Data for review:

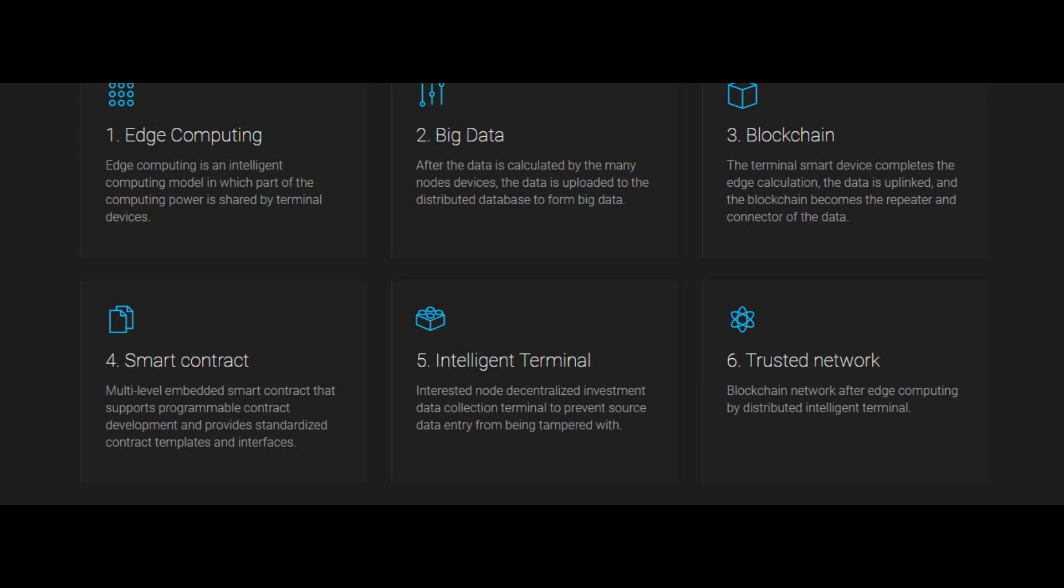Devices: Intelligent terminal IoT decentralized data collection terminal to prevent source data entry from being tampered with. Trusted network: Blockchain network after edge computing by distributed intelligent terminal.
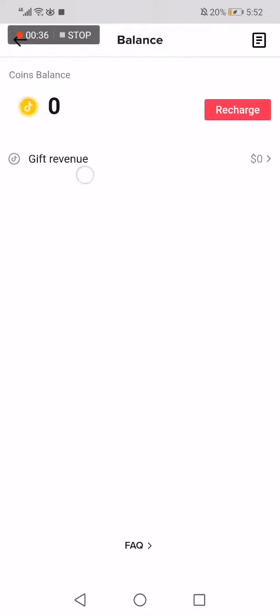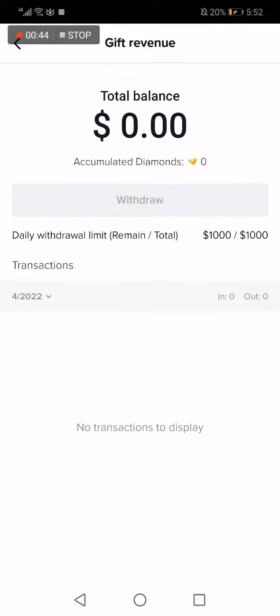Now you have to click on Gift Revenue right here, and here you go — this is your total balance. If you have a few dollars it will show here, and you will also see your gifts here.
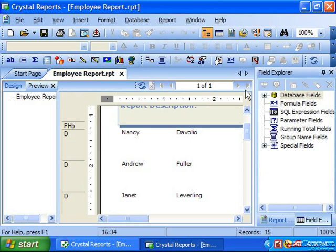If you would like to delete the preview tab entirely, you can click the small x button in the preview tab to close the report preview.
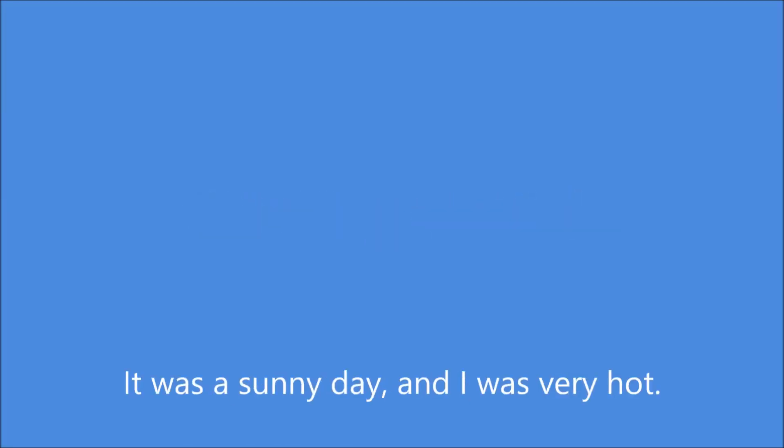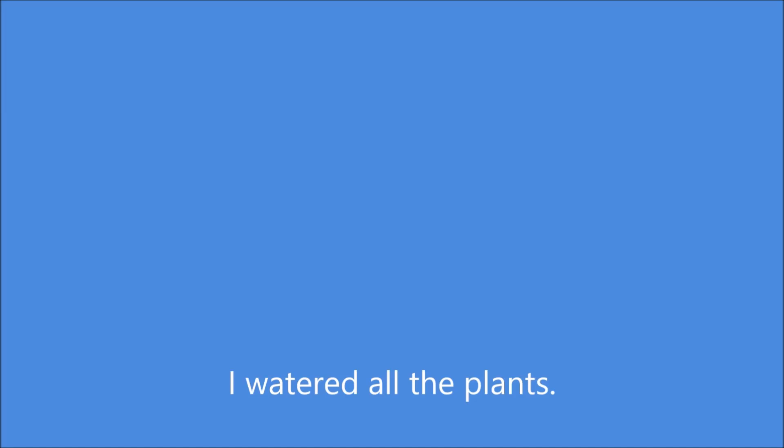Today I was working outside. It was a sunny day and I was very hot. I wore a hat on my head. I watered all the plants.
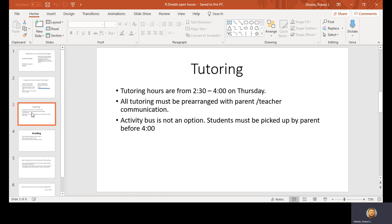Tutoring is Thursday, 2:30 to 4. Please make sure you have your own ride. I have football practice at 4, so I will not be able to babysit you until the activity bus comes. Make sure if you're staying for tutoring you have a ride.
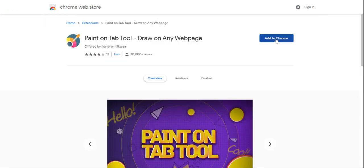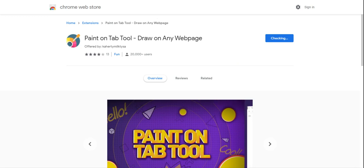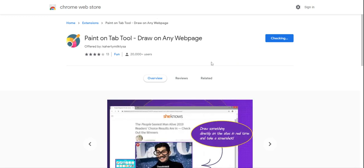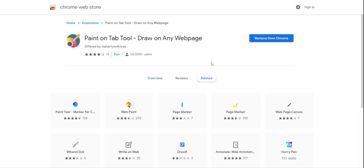I want to add it to Chrome, add extension. So it's this icon right here on the top right.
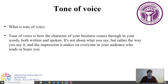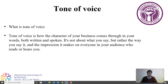So what is the tone of voice? The tone of voice is how the character of your business comes through in your words, both written and spoken. Not only in business, but actually in every message you send — it says something about your character. It's not about what you say, but rather the way you say it and the impression it makes on everyone in your audience who reads or hears you.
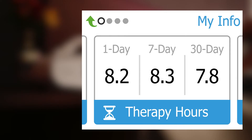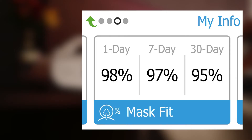Under My Info, you'll find treatment information screens, such as therapy hours and mask fit. For greater detail about these, please view Understanding Feedback in the user manual.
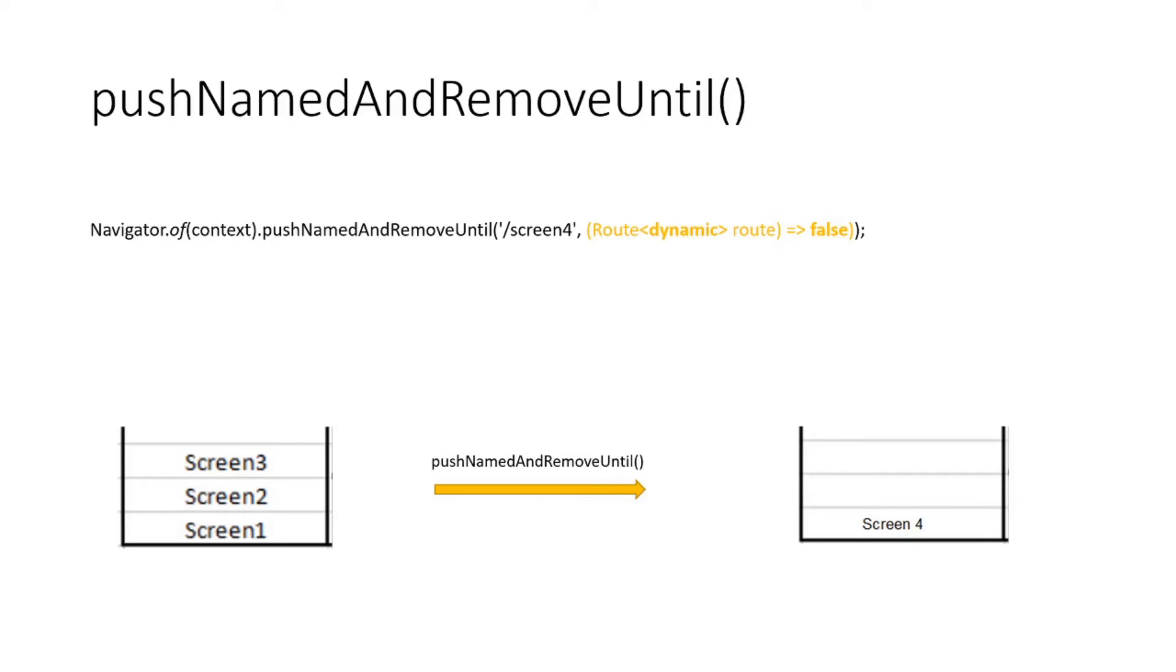Now in that case when the user is logged out, you don't want the user to go to the previous page or the dashboard page when they press the back button of their phone.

Work order:
Put down exactly the lines of the data above that run from its first line through the line bearing "So what is the", and no pictures.

Solution to this task:
Devices: Intelligent terminal IoT decentralized data collection terminal to prevent source data entry from being tampered with. Trusted network: Blockchain network after edge computing by distributed intelligent terminal.
Now you have to click on Gift Revenue right here, and here you go — this is your total balance. If you have a few dollars it will show here, and you will also see your gifts here.
If you would like to delete the preview tab entirely, you can click the small x button in the preview tab to close the report preview.
Today I was working outside. It was a sunny day and I was very hot. I wore a hat on my head. I watered all the plants.
Tutoring is Thursday, 2:30 to 4. Please make sure you have your own ride. I have football practice at 4, so I will not be able to babysit you until the activity bus comes. Make sure if you're staying for tutoring you have a ride.
I want to add it to Chrome, add extension. So it's this icon right here on the top right.
So what is the tone of voice? The tone of voice is how the character of your business comes through in your words, both written and spoken. Not only in business, but actually in every message you send — it says something about your character. It's not about what you say, but rather the way you say it and the impression it makes on everyone in your audience who reads or hears you.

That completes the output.